PROBLEM:
Your copy should contain exactly the lines from the start of the listing through the line that holds "LED Scheinwerfer Set", and no pictures.

Segment Start: DATA

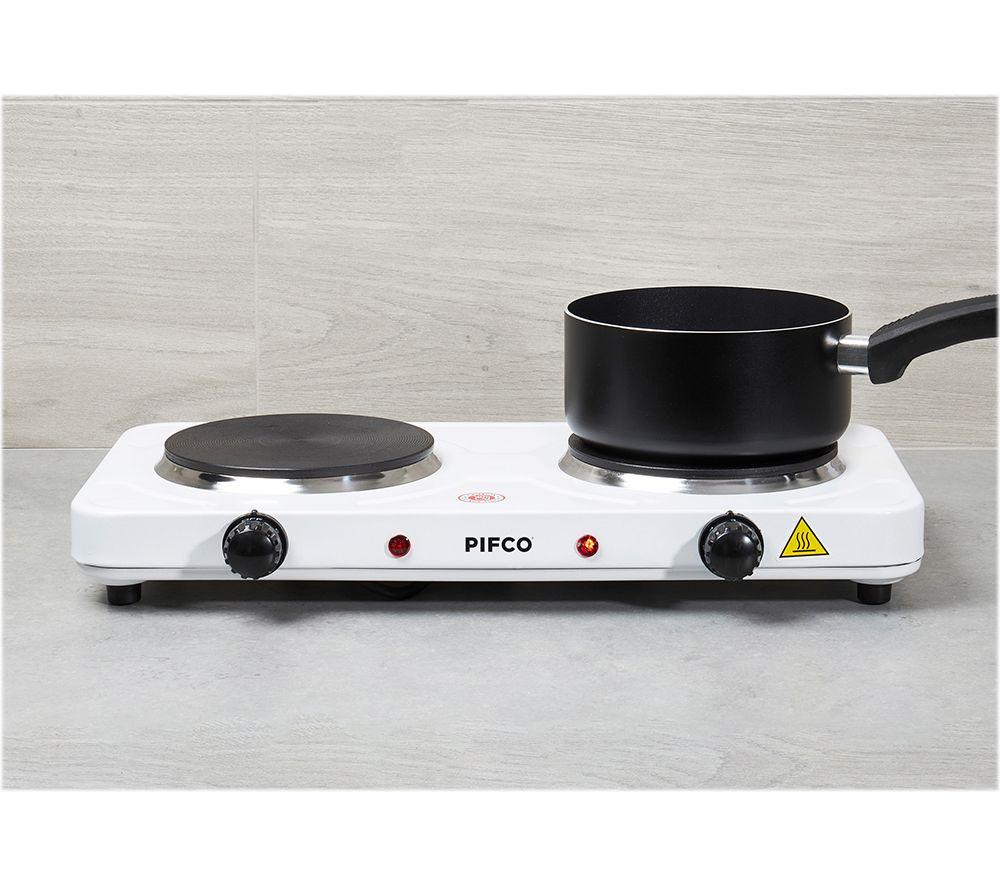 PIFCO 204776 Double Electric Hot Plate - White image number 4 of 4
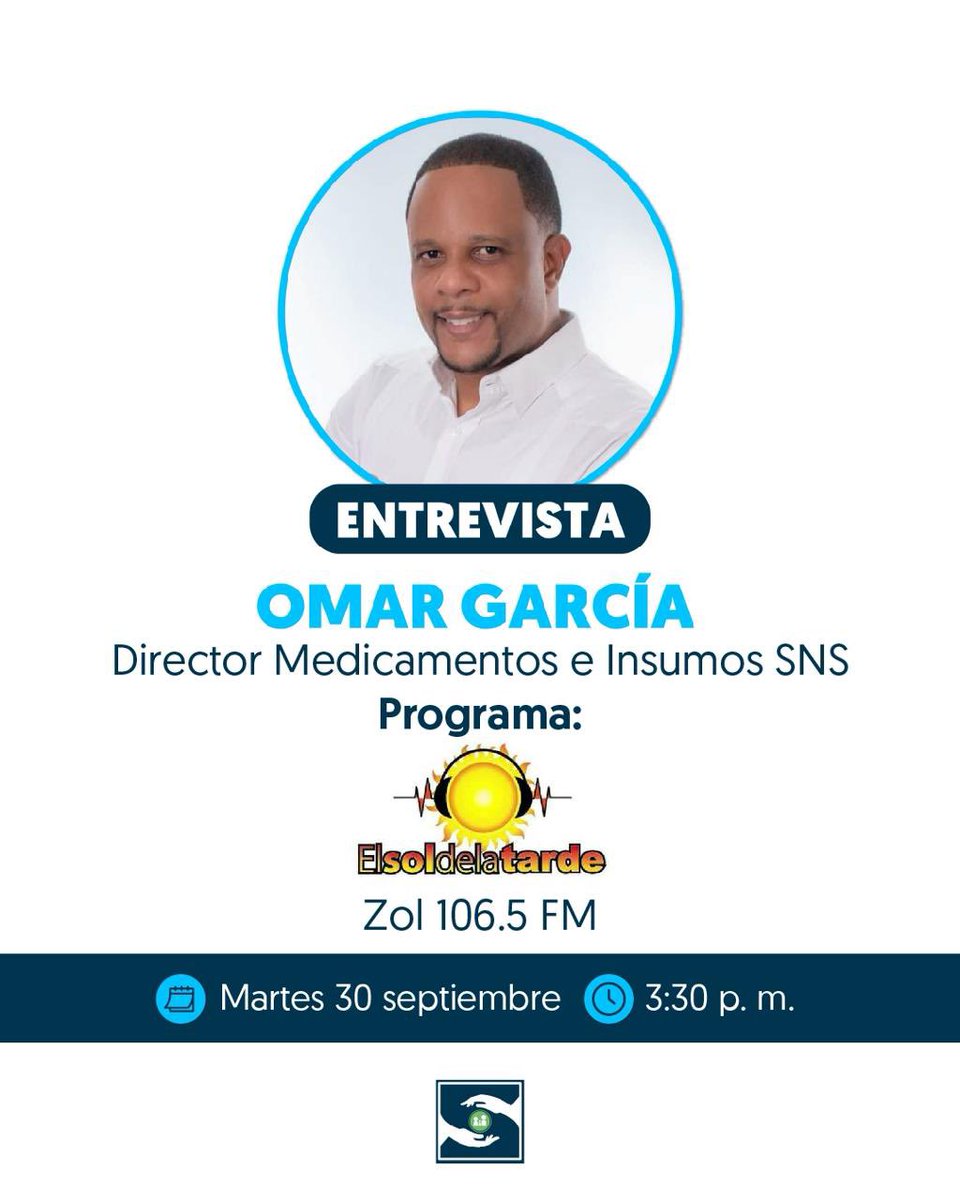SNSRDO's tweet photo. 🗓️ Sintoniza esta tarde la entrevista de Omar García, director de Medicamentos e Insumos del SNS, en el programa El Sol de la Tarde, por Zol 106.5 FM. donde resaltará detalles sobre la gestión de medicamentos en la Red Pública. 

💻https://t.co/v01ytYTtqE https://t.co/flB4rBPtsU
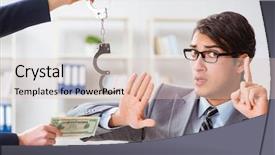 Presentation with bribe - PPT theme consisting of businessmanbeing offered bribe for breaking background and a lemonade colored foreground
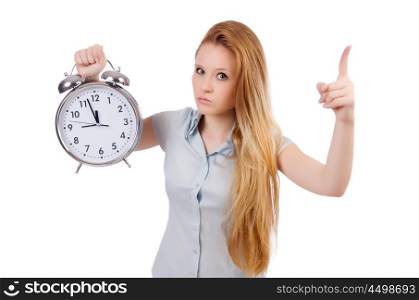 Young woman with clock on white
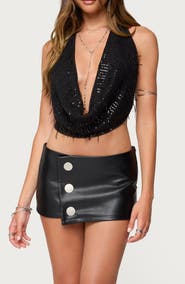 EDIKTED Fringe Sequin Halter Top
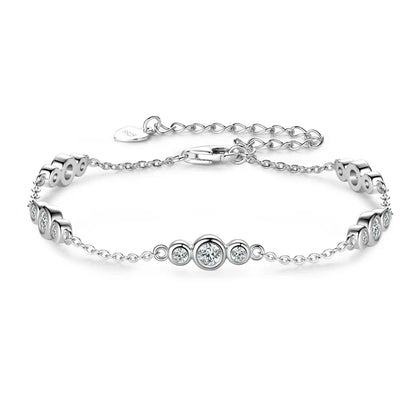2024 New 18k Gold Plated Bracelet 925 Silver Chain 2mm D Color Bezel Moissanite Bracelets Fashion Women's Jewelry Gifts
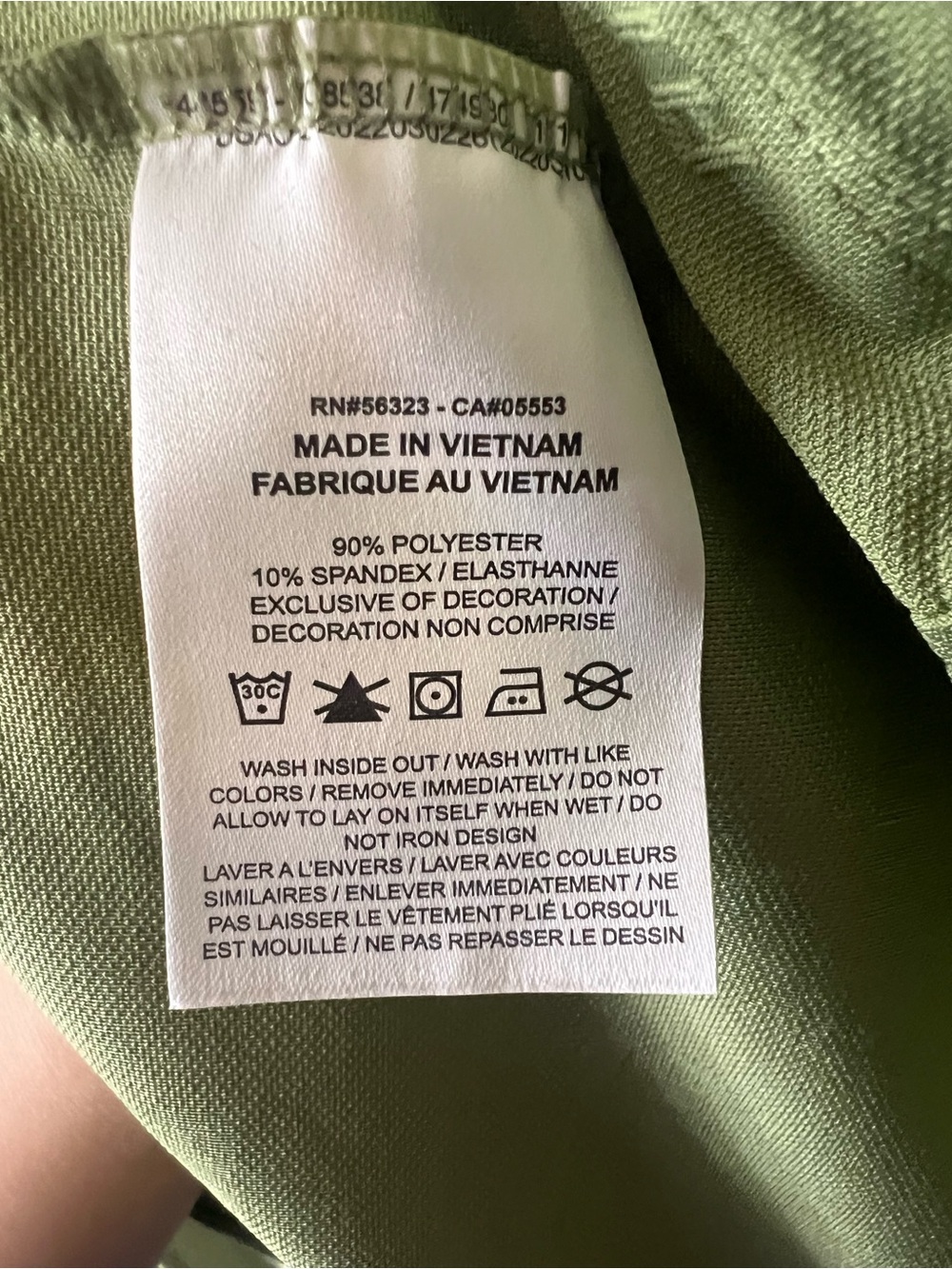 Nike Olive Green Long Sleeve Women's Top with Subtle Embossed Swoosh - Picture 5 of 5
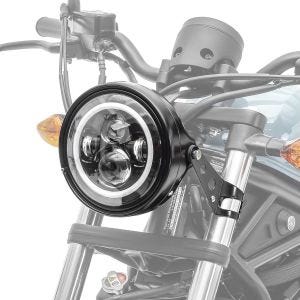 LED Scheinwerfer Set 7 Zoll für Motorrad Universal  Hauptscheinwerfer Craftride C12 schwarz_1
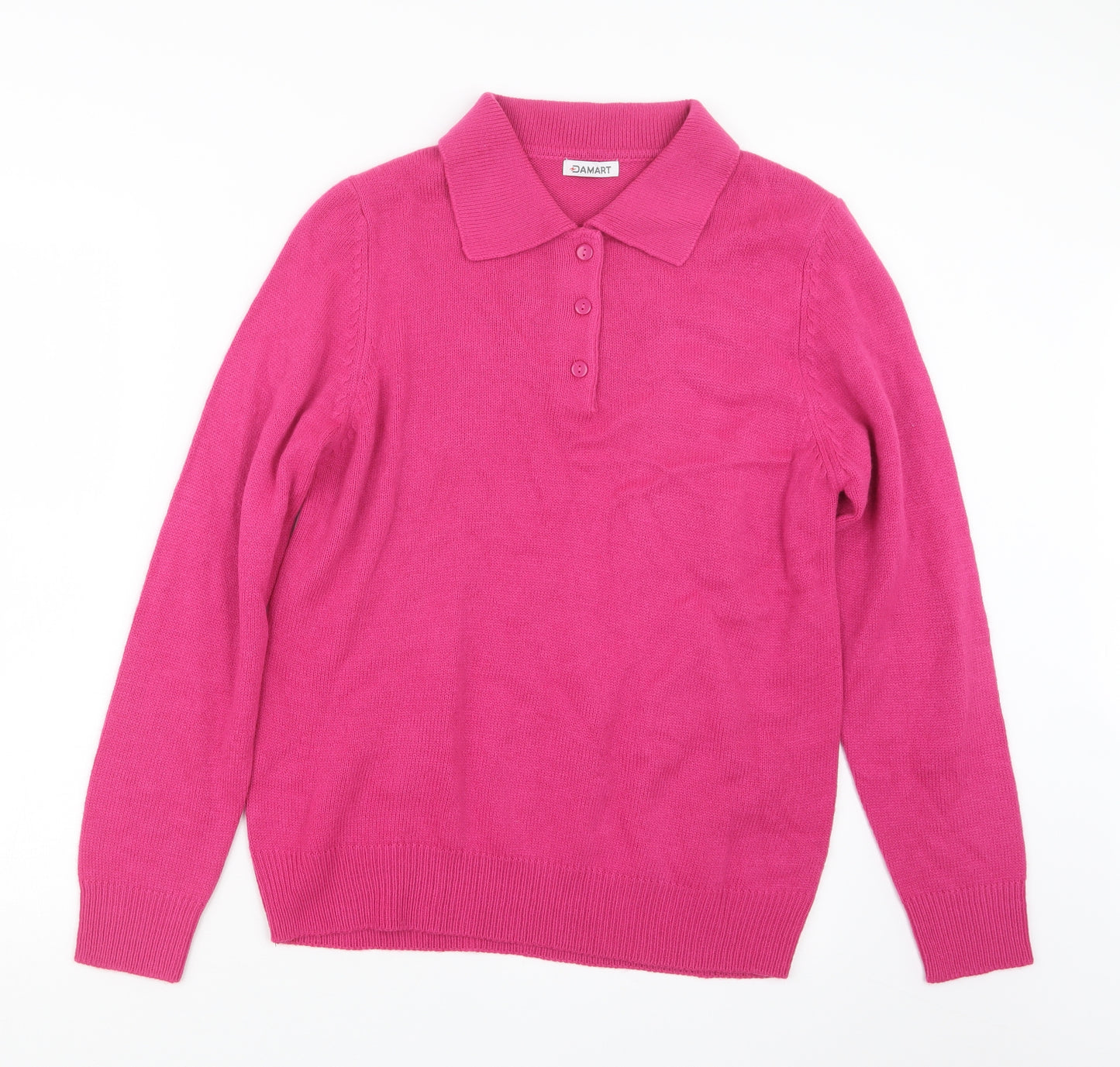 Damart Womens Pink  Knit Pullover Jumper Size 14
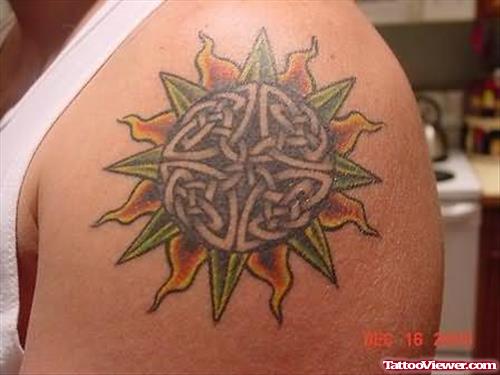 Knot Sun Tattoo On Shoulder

Segment End: DATA

WORKED SOLUTION:
 PIFCO 204776 Double Electric Hot Plate - White image number 4 of 4
SNSRDO's tweet photo. 🗓️ Sintoniza esta tarde la entrevista de Omar García, director de Medicamentos e Insumos del SNS, en el programa El Sol de la Tarde, por Zol 106.5 FM. donde resaltará detalles sobre la gestión de medicamentos en la Red Pública. 

💻https://t.co/v01ytYTtqE https://t.co/flB4rBPtsU
 Presentation with bribe - PPT theme consisting of businessmanbeing offered bribe for breaking background and a lemonade colored foreground
 Young woman with clock on white
 EDIKTED Fringe Sequin Halter Top
2024 New 18k Gold Plated Bracelet 925 Silver Chain 2mm D Color Bezel Moissanite Bracelets Fashion Women's Jewelry Gifts
 Nike Olive Green Long Sleeve Women's Top with Subtle Embossed Swoosh - Picture 5 of 5
 LED Scheinwerfer Set 7 Zoll für Motorrad Universal  Hauptscheinwerfer Craftride C12 schwarz_1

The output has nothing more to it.